Dirk Eddelbuettel <edd <at> debian.org> writes:
> Ole Tange <ole <at> tange.dk> writes:
> > If 2 awk scripts both open A, B and C then the last one wins and all
> > data written by the first one is lost.
>
> Plonk. I think that may indeed be the case. I had not tought that through.
> I have to find a tool that does this in append mode.
Well a little "apt-get install gawk-doc" and two seconds of searching lead to
the '>>' operator to append to files ... and tada, it now works.

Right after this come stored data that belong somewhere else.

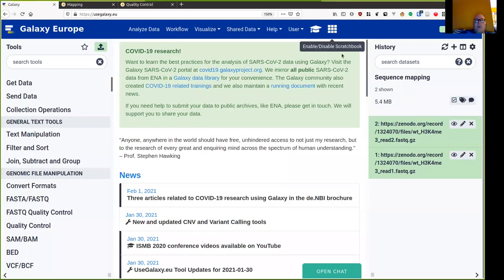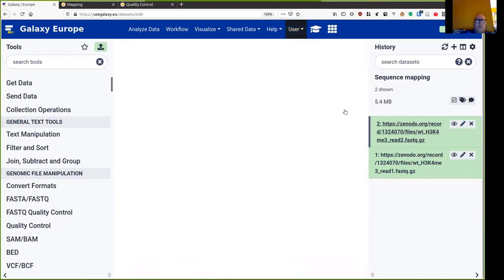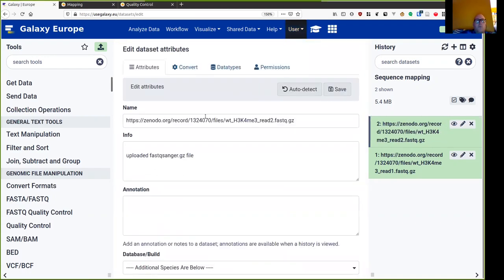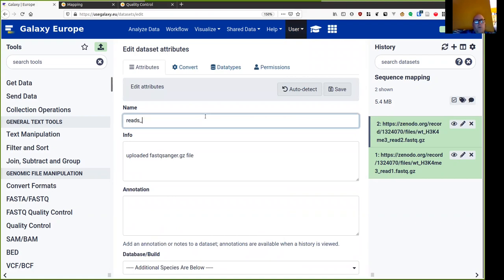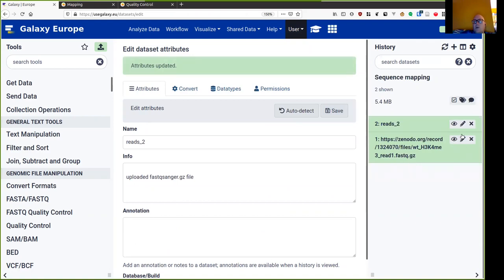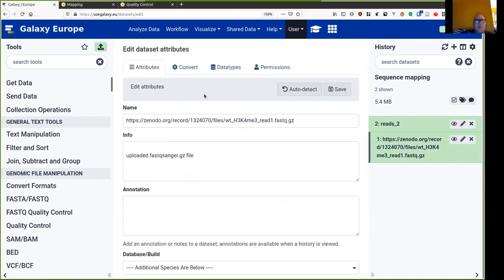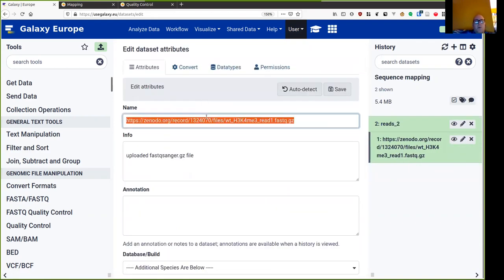Now that my data is ready in Galaxy, the first thing that I want to do is give my datasets more meaningful names. So we see here they have long names. I'm just going to call this reads2, save it, and I'm going to call this reads1.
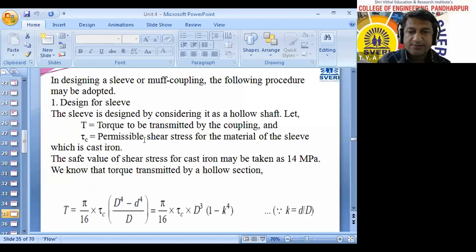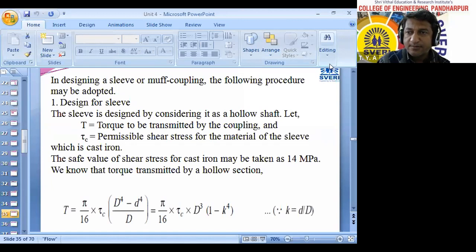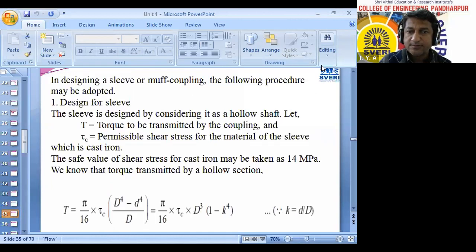Now we are going to check for the stresses which will get induced inside the muff coupling. Let's see the first example.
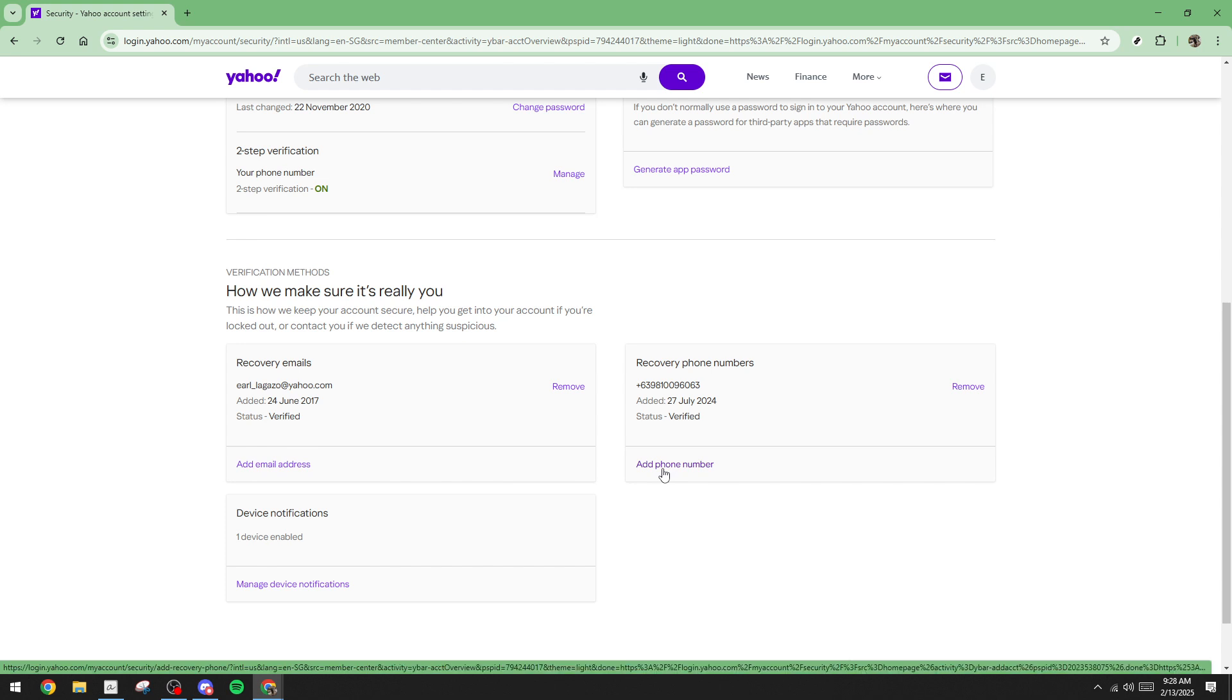And that's it. You've successfully walked through troubleshooting the Yahoo Mail verification code issue. Remember, keeping your recovery information up to date is key to a smooth login process in the future. Thanks for watching and I hope you found this tutorial helpful.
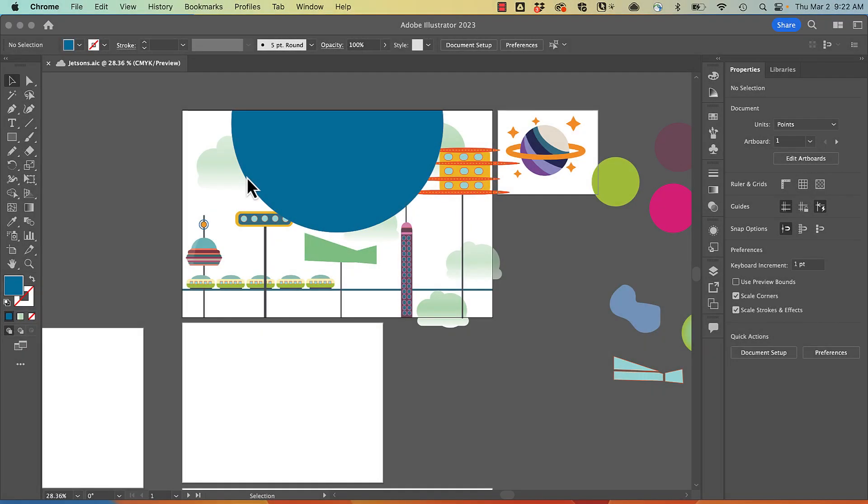Clipping masks are shapes, also known as a clipping path, that mask the layers below it. Only what is within the mask is visible.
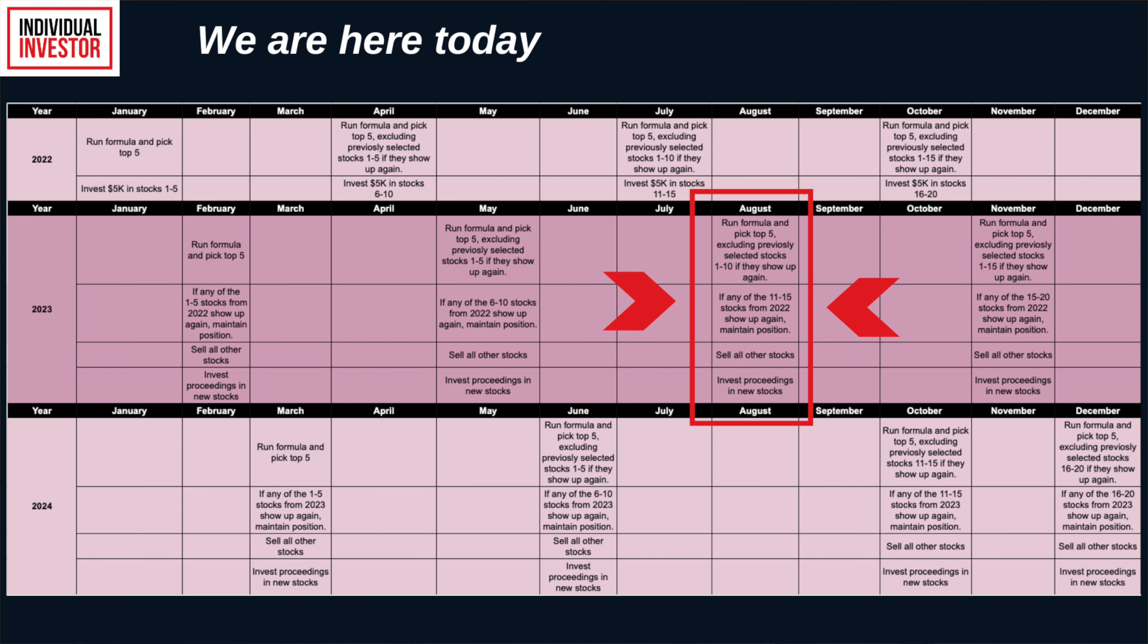At the time of this video, we are in August 2023, which marks the first year of the third tranche of stocks that I bought last year. So it is time to refresh the five positions that correspond to this tranche of stocks. This is the summary.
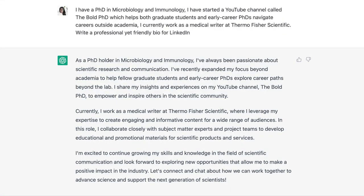Here's an example of what ChatGPT gave me. I said: 'I have a PhD in microbiology and immunology. I started a YouTube channel called The Bold PhD, which helps graduate students and early career PhDs navigate careers outside of academia. I currently work as a medical writer at Thermo Fisher Scientific. Write a professional yet friendly bio for LinkedIn.' And I got this result right here — I was in love with it. I almost wanted to take it, tweak it a little, and put it in my LinkedIn profile.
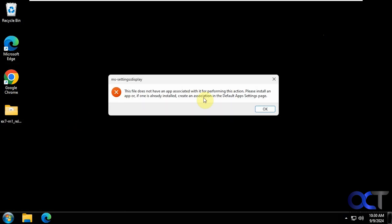There's our message: A file does not have an app associated with it, so it can't get to the display settings for Windows.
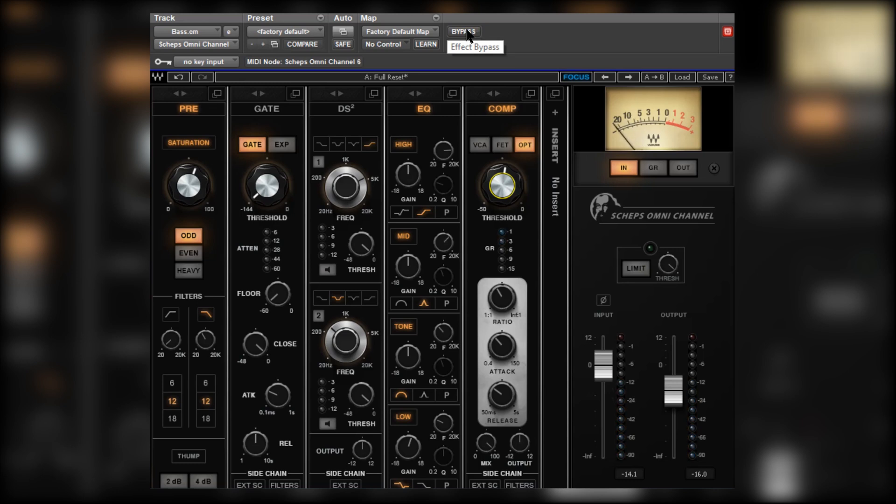Sounded just a little bit too nasal and boring before. Now it's got purpose, body, weight, and it sits nicely with the drums as well, which we mixed using the Shep's Omni Channel. Now let's have a quick look at the electric guitars.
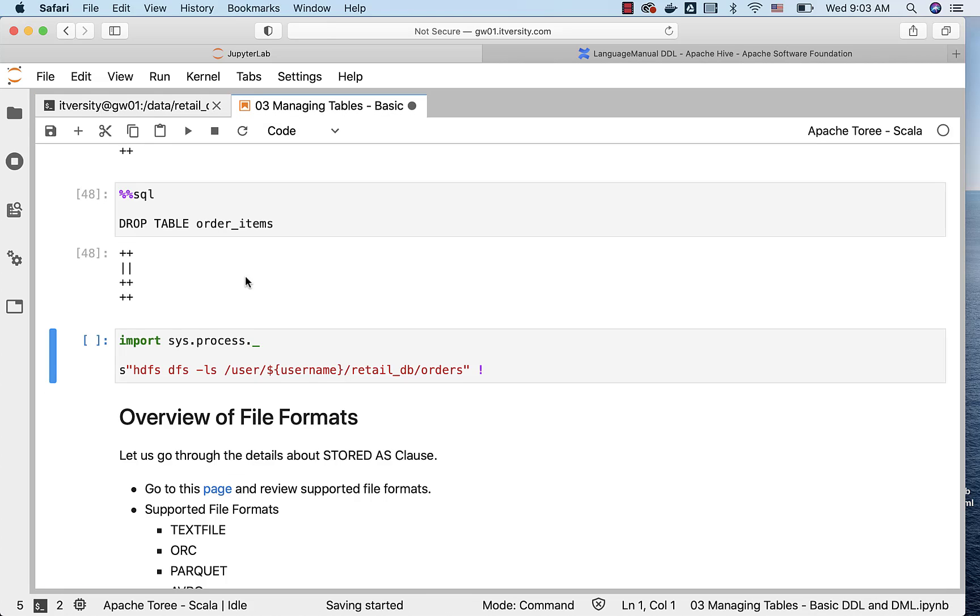When it comes to dropping the table, if it is external table, it will only drop the metadata. It will not touch the files. Whereas with respect to managed tables, it will drop both the files as well as the metadata. Also truncate is permitted on managed table but not on the external table.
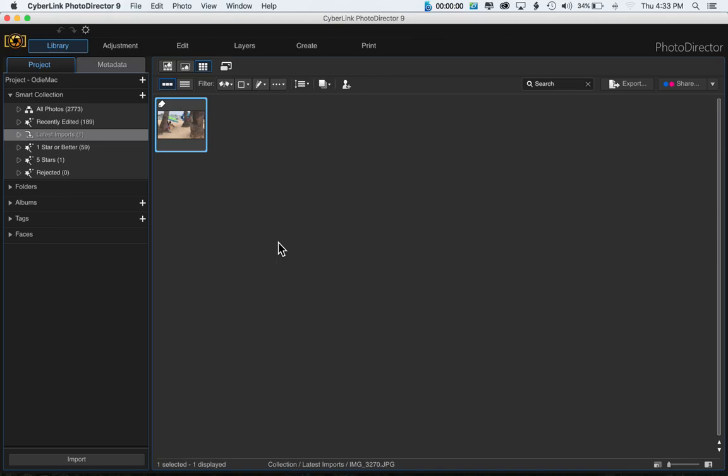Some of you may already know how to import photos directly into Photo Director, but for those of you who don't, this video is for you.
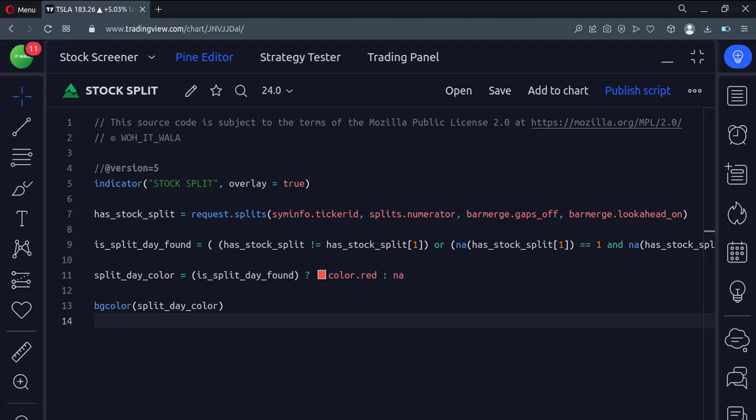Today we will see how to find if and when a stock was split in the TradingView Pine Script.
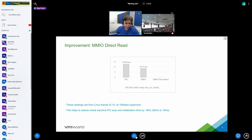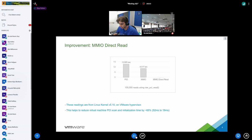To benchmark the performance improvement with MMIO direct read, we wrote a test application calling the raw PCI read function 100,000 times for PIO, MMIO, and MMIO direct read. For PIO, 100,000 reads took around 12.809 seconds. For MMIO, the same number of operations took 8.517 seconds. For MMIO direct read, we performed 100,000 reads in just 0.01 seconds — a dramatic improvement in read operations.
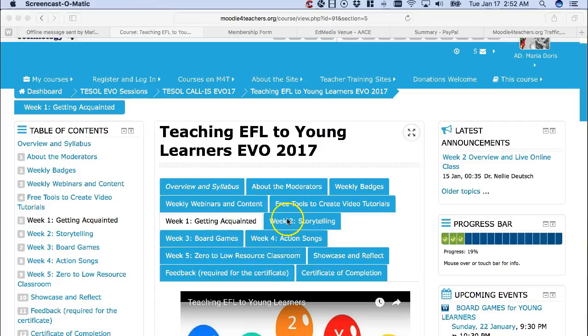Hello, this is Nellie Deutsch and I'm going to show you how you can track your progress in Teaching FL to Young Learners EVO 2017, or on any other Moodle course.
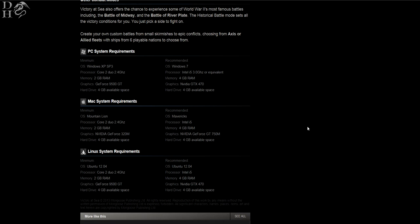The recommended however is Windows 7, Intel i5—which is what I have—at 3.0 gigahertz or equivalent, memory of 4 gig RAM, and Nvidia GTX 470 with a hard drive of 4 gig. So to be honest, it's pretty low what they're asking for, which I think is probably a good thing. Most computers would probably be able to run this.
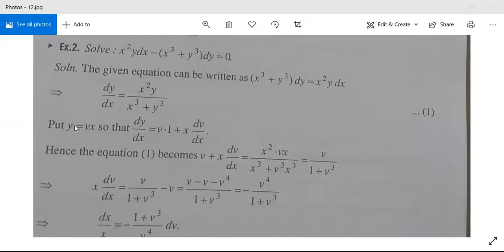We substitute y = vx, so dy/dx = v·1 + x·(dv/dx). Hence, equation 1 becomes: v + x·(dv/dx) = x²·(vx) divided by (x³ + v³x³), which simplifies to v/(1 + v³), since x³ cancels.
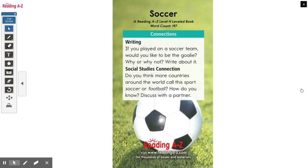Here's today's activity: if you played on a soccer team, would you like to be the goalie — why or why not? Today you're going to write three sentences on whether you would like to be the goalie, or maybe you'd like a different position, or maybe you don't like soccer at all. Let me know. I hope you have a great day today!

edd@max:/tmp/parallel$ rm dataSerial/* dataParallel/*
edd@max:/tmp/parallel$
edd@max:/tmp/parallel$ cat data.txt | \
awk -v path=dataSerial '{print $0 > (path "/" $1 ".txt")}'
edd@max:/tmp/parallel$ cat data.txt | \
parallel --pipe -- awk -v path=dataParallel -f script.awk
edd@max:/tmp/parallel$ wc -l dataSerial/*
199762 dataSerial/A.txt
200031 dataSerial/B.txt
200283 dataSerial/C.txt
199845 dataSerial/D.txt
200079 dataSerial/E.txt
1000000 total
edd@max:/tmp/parallel$ wc -l dataParallel/*
199762 dataParallel/A.txt
200031 dataParallel/B.txt
200283 dataParallel/C.txt
199845 dataParallel/D.txt
200079 dataParallel/E.txt
1000000 total
edd@max:/tmp/parallel$
with
edd@max:/tmp/parallel$ cat script.awk
{
print $0 >> (path "/" $1 ".txt")
}
edd@max:/tmp/parallel$
For reference and completeness, the data generator was the R script below:
edd@max:/tmp/parallel$ cat createData.r
#!/usr/bin/Rscript
N <- 1e6
set.seed(42)
df <- data.frame(key=sample(LETTERS[1:5], N, replace=TRUE),
value=rnorm(N))
write.table(df, file="/tmp/parallel/data.txt",
row.names=FALSE, col.names=FALSE, quote=FALSE)
Thanks, Dirk